* [ASSIGNMENT]: What lines in the listing include "image"? Return a copy of each.

* [SOURCE MATERIAL]:
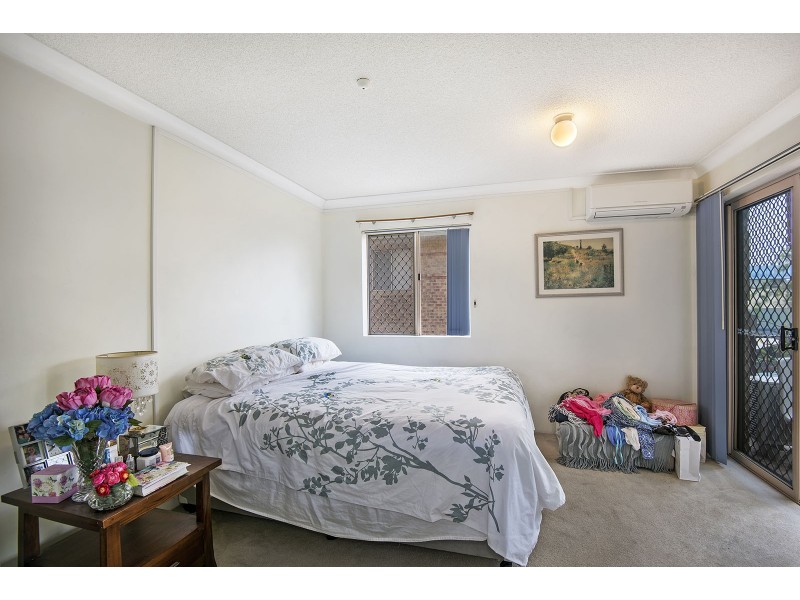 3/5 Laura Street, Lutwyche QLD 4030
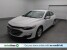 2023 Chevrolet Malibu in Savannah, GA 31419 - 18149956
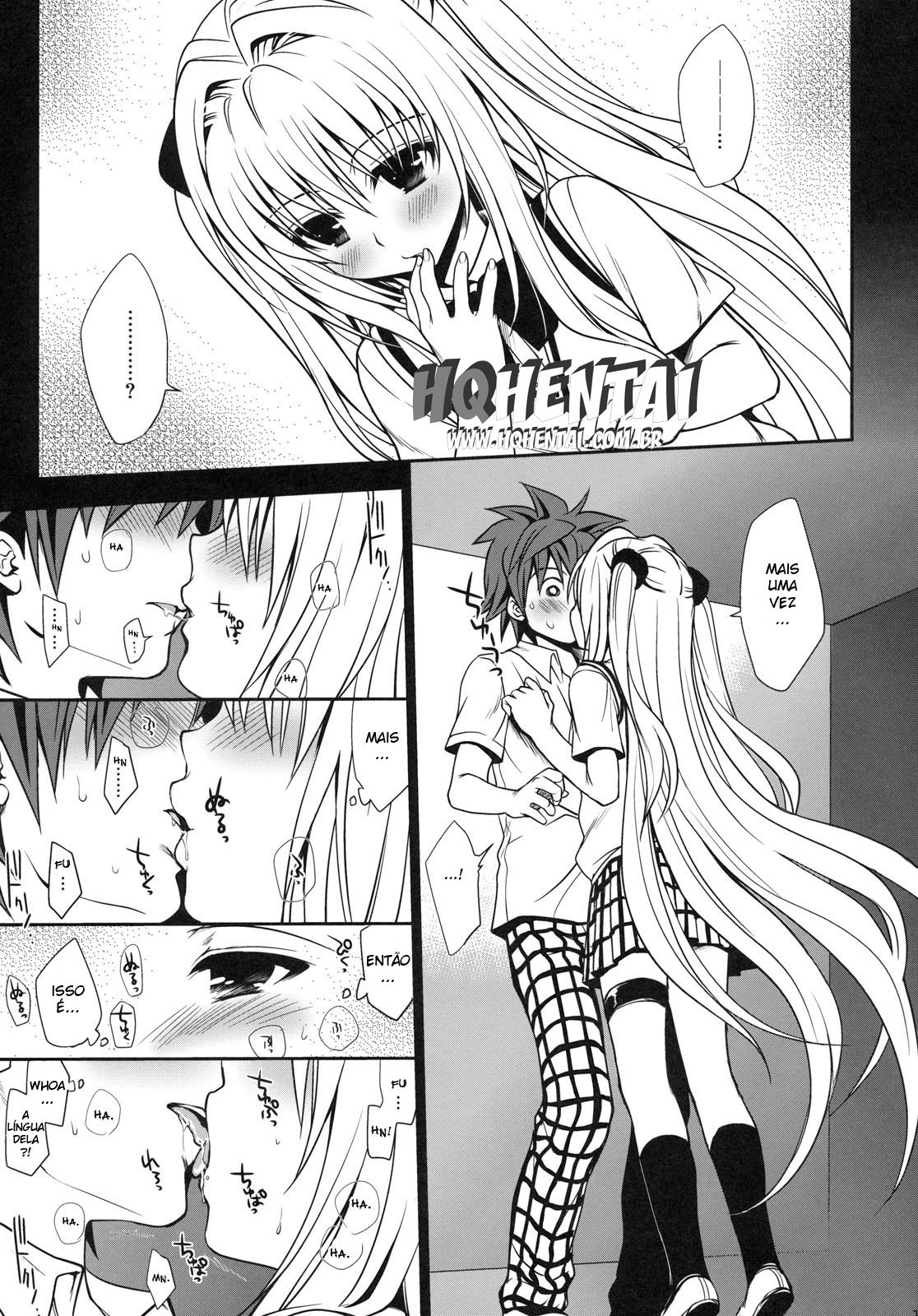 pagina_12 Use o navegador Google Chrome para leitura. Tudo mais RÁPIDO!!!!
...
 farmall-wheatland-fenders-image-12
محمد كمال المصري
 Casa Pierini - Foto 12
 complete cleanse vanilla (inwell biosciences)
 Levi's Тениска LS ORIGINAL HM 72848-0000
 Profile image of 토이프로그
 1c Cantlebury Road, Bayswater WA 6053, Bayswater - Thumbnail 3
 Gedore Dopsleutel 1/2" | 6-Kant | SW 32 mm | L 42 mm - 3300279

* [ANSWER FOR THE TASK]:
 farmall-wheatland-fenders-image-12
 Profile image of 토이프로그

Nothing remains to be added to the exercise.